Monte Carlo tree search
The Algorithm
Monte Carlo tree search is a non-deterministic algorithm that is guaranteed to converge to Minimax. This algorithm creates a tree of nodes, which look like
class Node { double wins = 0; uint count = 1; list<Node> children; }
The general algorithm repeatedly
- Start at the root
- Recursively selects already explored children in a Magic way until it reaches an unexplored child. Add a node for the unexplored child. Update the
count
field in all these nodes - Plays a sequence of random moves for both sides and returns the result back up the tree to the previously unexplored node.

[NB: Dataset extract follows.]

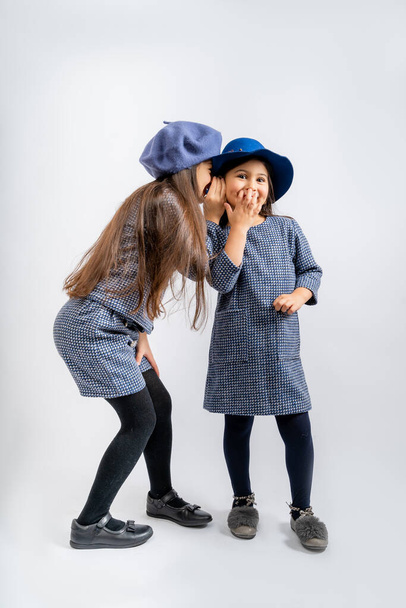 Children in a blue jacket with white and black spots, a blue cap, blue shorts with the same spots, black tights, black shoes, a blue dress with blue tights, gray shoes isolated on a white background. - Photo, Image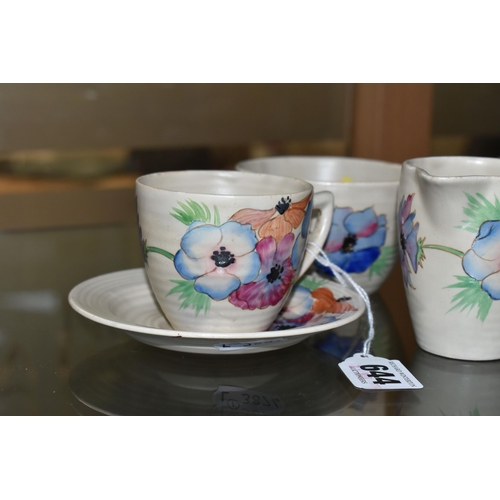 644 - A SIX PIECE CLARICE CLIFF 'ANEMONE' PART TEA SET, comprising two teacups and saucers, a cream jug an...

Do NOT create new nodes for this playthrough.
- Percolates the results up in a Magic way.
So, let's explain what these two pieces of Magic are. The first describes how you choose which child to go down. The procedure is
- If any of your children are unexpored, then explore them.
- Otherwise, randomly choose from your children, but make it so that the probably of choosing child $i$ is proportional to
\begin{equation}
\frac{w_i}{n_i} + c \cdot \sqrt{\frac{\ln{N}}{n_i}}
\label{foo}
\end{equation}
where
- $w_i$ is the
wins
of the child from the parent's point of view - $c$ is an empirically determined positive constant that indicates how important exploration is compared to explotation
- $N$ is the number of times the parent has been visited
- $n_i$ is the number of times the child has been visited - i.e.
count
- $w_i$ is the
- Simply pass the utility of the result (generaly 1.0 for a win, 0.5 for a tie, and 0 for a loss) back up the game until you get to the intial unexplored node.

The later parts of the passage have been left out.